The settlement resolves 17 lawsuits that had been combined in a federal court in San Diego and which accused the Chicago-based company and retailers it works with of violating federal and state consumer protection laws.
News of the settlement surfaced after Groupon unexpectedly revised on Friday its results for the fourth quarter, its first as a public company, and said it had a “material weakness” in its internal controls because of a failure to set aside enough money for customer refunds.
Groupon shares closed down $3.10, or 16.9 percent, at $15.28 on the Nasdaq on Monday.
In the lawsuits, the plaintiffs said Groupon violated laws such as the federal Credit Card Accountability Responsibility and Disclosure Act, which prohibits the sale of gift cards that expire in fewer than five years.
The plaintiffs said Groupon “effectively creates a sense of urgency” among consumers to buy its vouchers by offering “daily deals” for a short amount of time, usually 24 hours.
“Consumers therefore feel pressured and are rushed into buying the gift certificates and unwittingly become subject to the onerous sales conditions imposed,” including a ban on cash refunds and a requirement that gift certificates be used in a single transaction, court papers show.
Groupon denied liability in agreeing to settle, according to the settlement papers.
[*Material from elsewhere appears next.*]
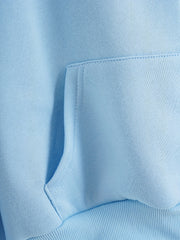 Sporty Zipper Kangaroo Pocket Sweatshirt Long Sleeve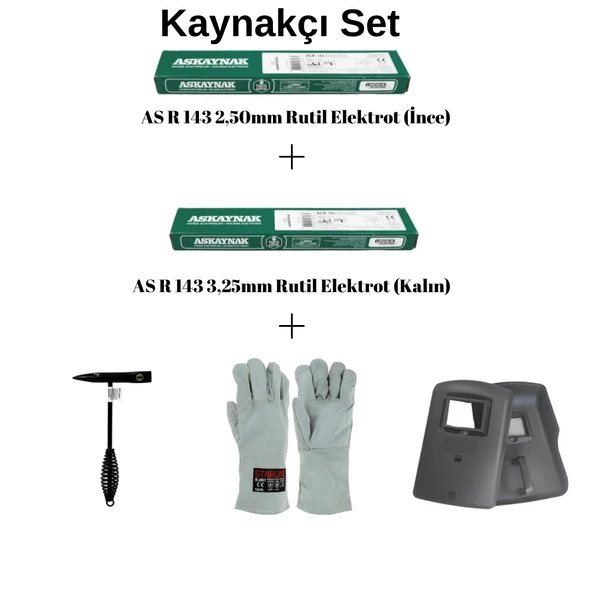 AS R 143 Elektrot ve Süper Ekonomik 5'li Kaynakçı Seti ürün görseli 1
Spokeswoman Julie Mossler said the company does not discuss pending litigation.
John Stoia, a lawyer at Robbins Geller Rudman & Dowd representing the plaintiffs, did not immediately respond to a request for comment.
The settlement requires approval by U.S. District Judge Dana Sabraw in San Diego.
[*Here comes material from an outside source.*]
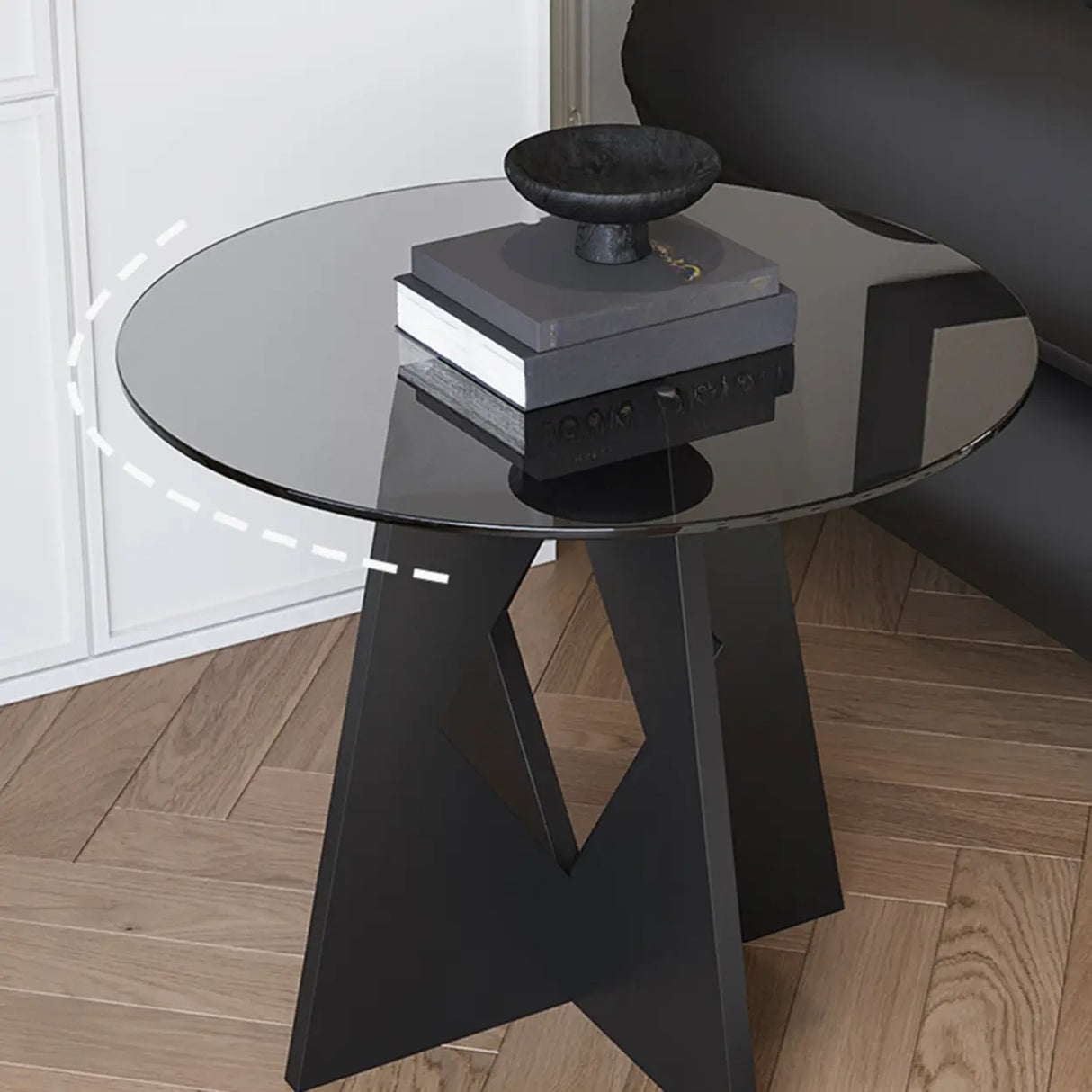 Modern Round Glass Side Table with Geometric Metal Base Image - 8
It covers consumers who received Groupon vouchers between November 2008 and December 1, 2011. These people may redeem the vouchers past the expiration dates, or recover from the $8.5 million settlement fund.
The company also agreed over the next three years not to sell more than 10 percent of its daily deals with expiration dates of fewer than 30 days.
Groupon went public last November in one of the most highly anticipated initial public offerings of an Internet company.
However, some analysts and investors criticized its accounting and Groupon changed how it reports results under pressure from regulators. The company’s rivals include Amazon.com Inc and LivingSocial.
The case is In re: Groupon Marketing and Sales Practices Litigation, U.S. District Court, Southern District of California, No. 11-md-02238.